AVAILABLE RECORDS:
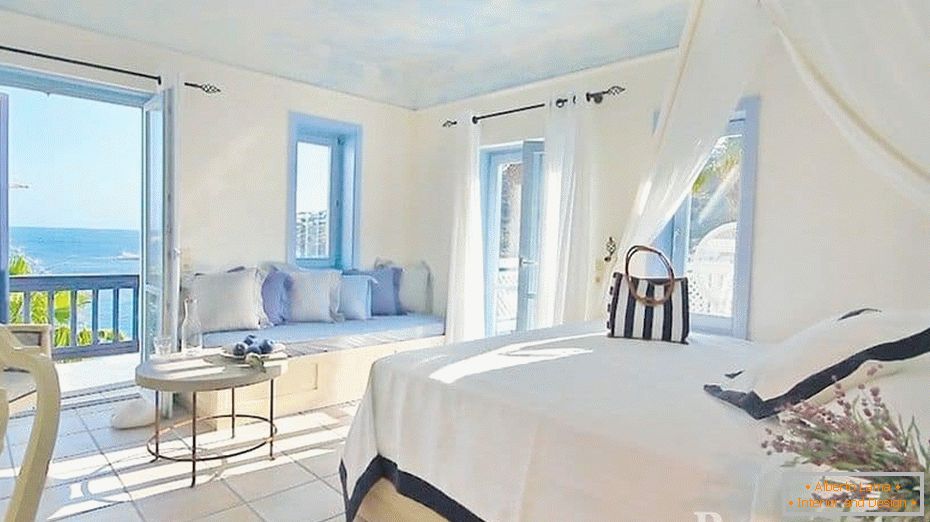 Много лека спалня в гръцки стил с панорамни прозорци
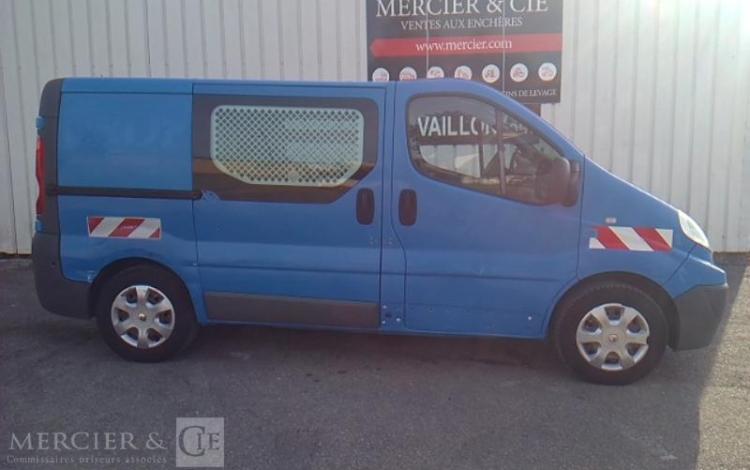 RENAULT TRAFIC DCI BLEU DA-924-DB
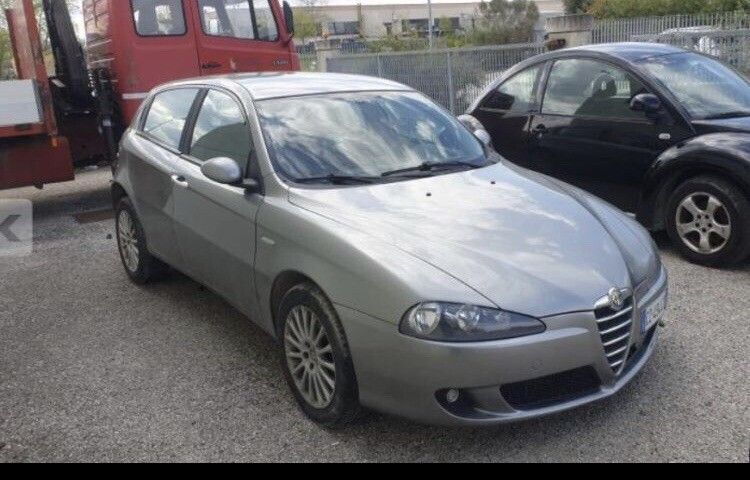 Кутия с предпазители за Alfa Romeo 147 1.9 M-Jet (2007) 51742420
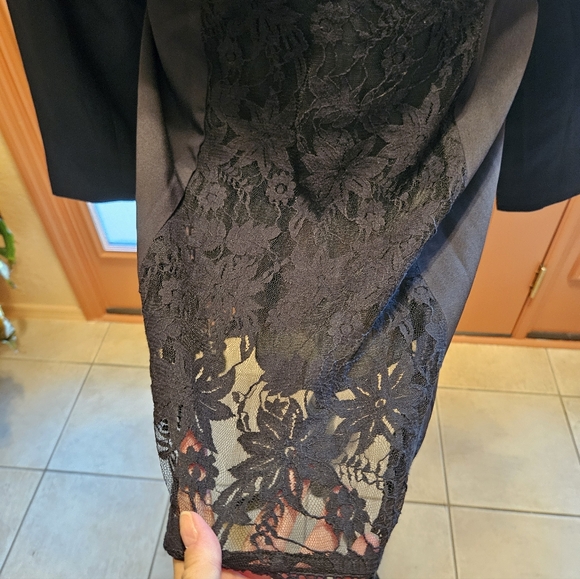 The Pyramid Collection Black Lace Women's Lined Blazer. - Picture 7 of 16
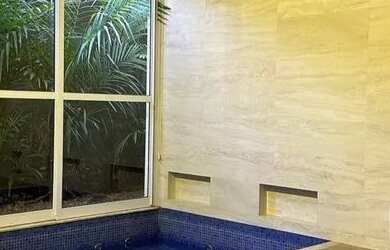 Imagem: A casa em condomínio para alugar possui 4 Dormitórios, 5 Banheiros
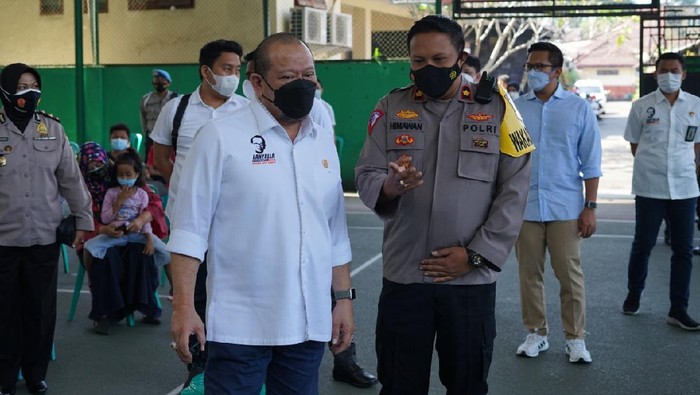 Ketua DPD RI La Nyalla Mattalitti saat meninjau vaksinasi di gerai vaksin Polres Malang
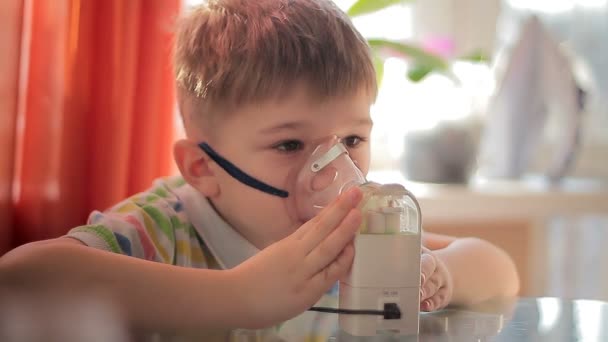Barn med inhalator 6 — Stockvideo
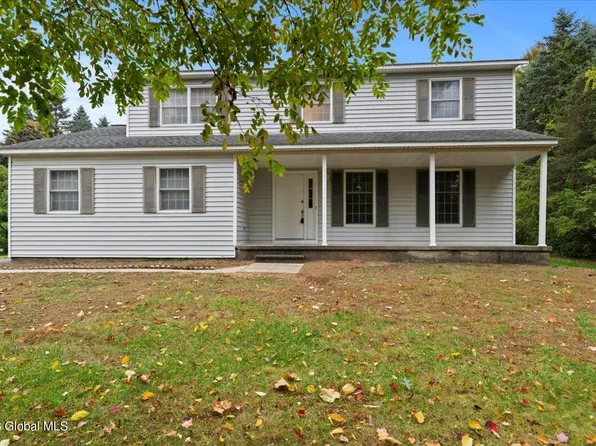 19 Gloucester Street, Clifton Park, NY 12065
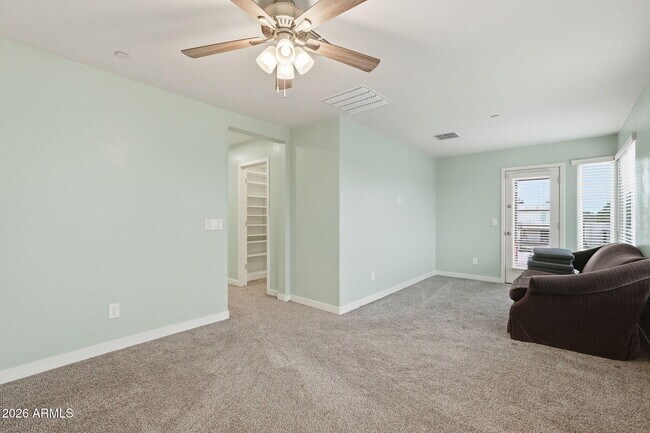 Building Photo - 1250 Abbey Ln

EXERCISE DIRECTIONS: The expected output is an exact retyping of the lines from the line with "19 Gloucester Street, Clifton Park, NY 12065" through the last line of the data, with both ends kept and the pictures dropped.

TASK RESULT:
 19 Gloucester Street, Clifton Park, NY 12065
 Building Photo - 1250 Abbey Ln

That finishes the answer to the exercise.